Here’s why. The sitcom is an essentially conservative form. And the superpower/star-power shows, even as they seem to glorify the rogue and untapped energies of youth, are really tutorials on how to keep those energies within the iron laws of normality—on how to be special but not too special. “Kids, stop using your powers!” implores Mr. Thunderman of The Thundermans, as his children exchange playful mega-zaps across their bright suburb. “We don’t want to draw attention to ourselves!” Over on the Disney Channel, meanwhile, K.C. in K.C. Undercover has a dilemma: Should she accompany her parents and brother on a secret-agent mission to the airport, or go to cheerleading tryouts with her best friend, Marisa? The best-friend problem, a collision point between two worlds, is archetypal for the tweencom. Can Henry and Charlotte in Henry Danger trust their excitable friend Jasper with the information that they are superhero sidekicks to the indestructible Captain Man? Should Miley (in the pilot episode of Disney’s Hannah Montana) let Lilly know that she moonlights as a monstrously famous pop star?
Control your mega-ness, kids. That’s the lesson. In the endless negotiations of the main character with the various types—nerd, spaz, depresso, preening jock—that surround her, the gospel of tweencom is handed down: Avoid extremes of all kinds. Don’t be too rebellious, but don’t be a Goody-Two-Shoes, either.
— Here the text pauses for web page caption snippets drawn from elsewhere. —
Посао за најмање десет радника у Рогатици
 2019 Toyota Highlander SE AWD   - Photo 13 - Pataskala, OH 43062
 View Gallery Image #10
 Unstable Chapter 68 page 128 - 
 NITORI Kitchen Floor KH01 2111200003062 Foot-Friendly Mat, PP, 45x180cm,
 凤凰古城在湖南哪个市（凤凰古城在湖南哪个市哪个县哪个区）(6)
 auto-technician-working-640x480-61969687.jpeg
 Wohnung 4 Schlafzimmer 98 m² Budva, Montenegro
Don’t be too vain or confident, but don’t you dare be gloomy. Here rises the terrible Scylla of duncehood; over there is the ship-swallowing Charybdis of geekdom. By alternately incorporating and rejecting aspects of her co-characters, by teasing them without being mean (very important), by dissipating the tension with humor, by successfully managing her superpower, the main character cultivates self-awareness. She locates herself in the comic center. The joke, whatever it might be, the great and dreaded free-floating chorus of ridicule that cruises the school hallways and gathers by the lockers, is not on her.
And what does too much specialness look like? It looks like Madame Goo Goo, the rather brilliant Lady Gaga parody on A.N.T. Farm, whose creative process involves throwing alphabet soup at a whiteboard. It looks like Farkle Minkus, the prodigiously oblivious weirdo on Disney’s Girl Meets World, who mutters “Farkle farkle farkle” when he snores. His singularity is irrepressible but undesirable: his amorous overtures to Riley and Maya, the show’s two heroines, are steadily repulsed. But even Farkle is not the limit. That would be the girl known as Back-of-the-Class Brenda. Look at Brenda, in her red spectacles and goofy dress, waving at Farkle with a hopeful, lopsided grin. Sad world, sad world. Not even Katy Perry can save her.
“It is the summit of idleness,” Martin Amis once wrote, “to deplore actuality.” That’s a handy maxim for a middle-aged critic grumbling and nodding off in front of the TV. The fireflies and butt sweat may be gone, but the tweencom has reached some ultimate refinement, and its audience, the only audience it cares about, is locked in. A breed of socialization is being workshopped on these shows. They may even be helpful. The trials of adolescence loom, God knows. The journey is hazardous; guidance is not to be rejected. Steer the middle course, tiny Odysseus. And good luck to you.